## WHAT THE TASK ASKS:
Using the material below, repeat exactly the lines from the one with "kitchen featuring sink, light" through the one with "Moll. A young", ends included, without any images.

EXCERPTED DATA below:

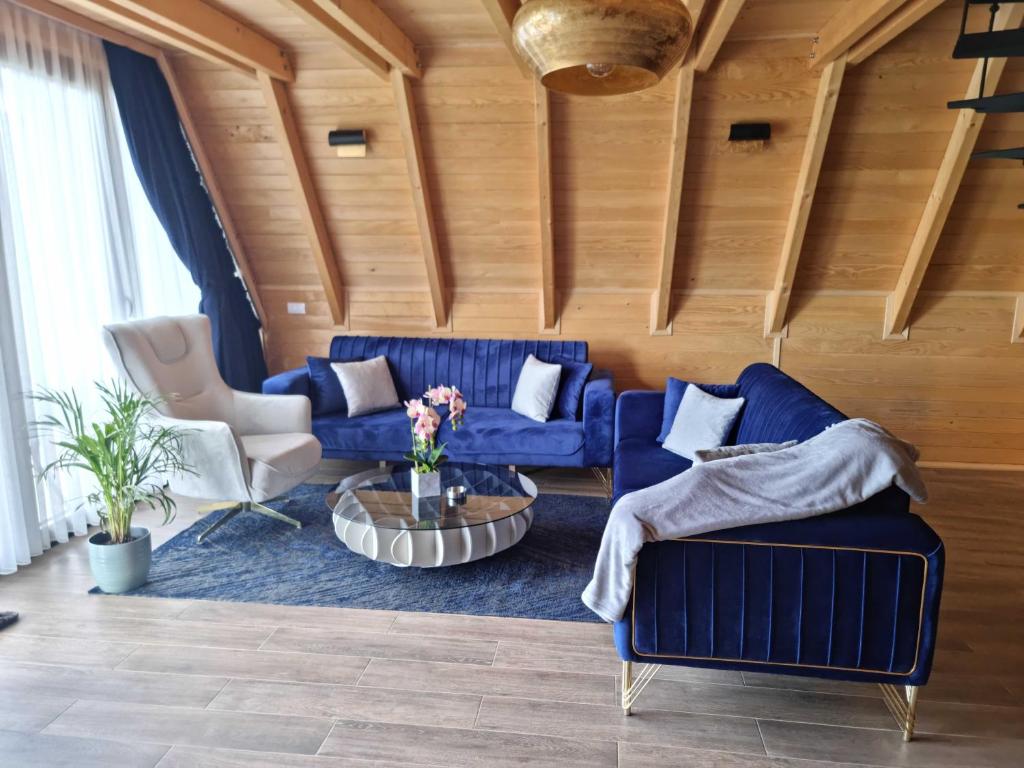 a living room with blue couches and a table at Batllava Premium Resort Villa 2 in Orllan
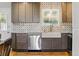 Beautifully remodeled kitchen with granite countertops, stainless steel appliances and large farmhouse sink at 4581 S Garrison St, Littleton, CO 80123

End of EXCERPTED DATA.
EXCERPTED DATA below:

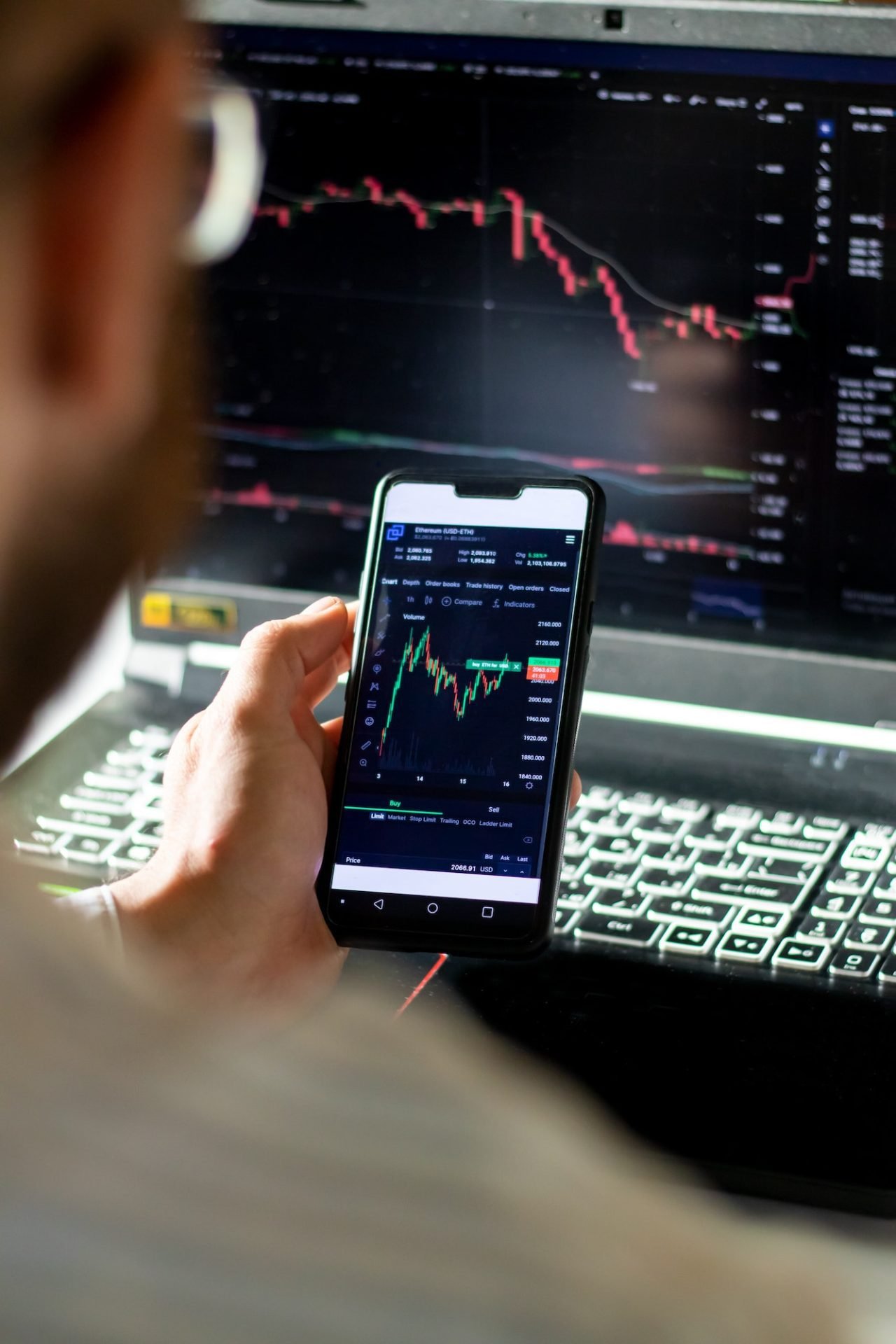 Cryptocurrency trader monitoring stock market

End of EXCERPTED DATA.
EXCERPTED DATA below:

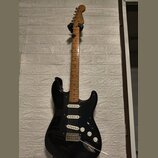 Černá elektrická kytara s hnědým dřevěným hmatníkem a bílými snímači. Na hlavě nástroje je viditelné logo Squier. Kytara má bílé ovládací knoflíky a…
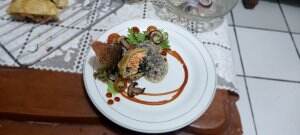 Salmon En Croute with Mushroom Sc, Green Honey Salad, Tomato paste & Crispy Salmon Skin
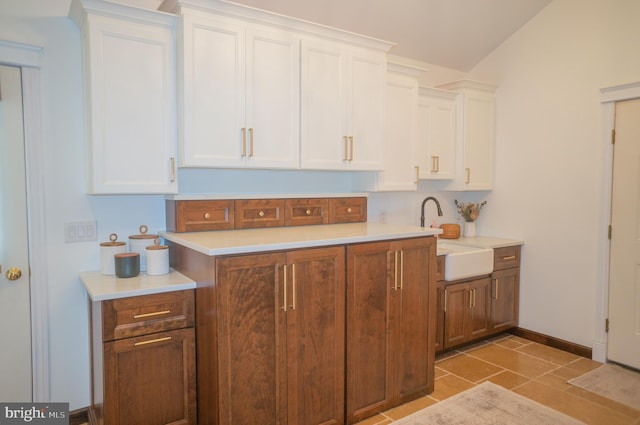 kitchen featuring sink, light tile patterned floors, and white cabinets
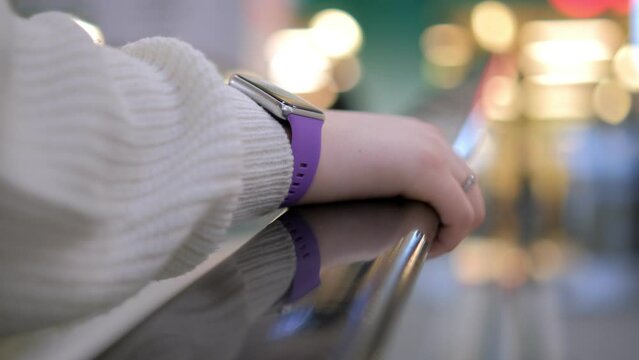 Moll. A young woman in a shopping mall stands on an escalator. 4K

End of EXCERPTED DATA.

## YOUR RESPONSE:
 kitchen featuring sink, light tile patterned floors, and white cabinets
 Moll. A young woman in a shopping mall stands on an escalator. 4K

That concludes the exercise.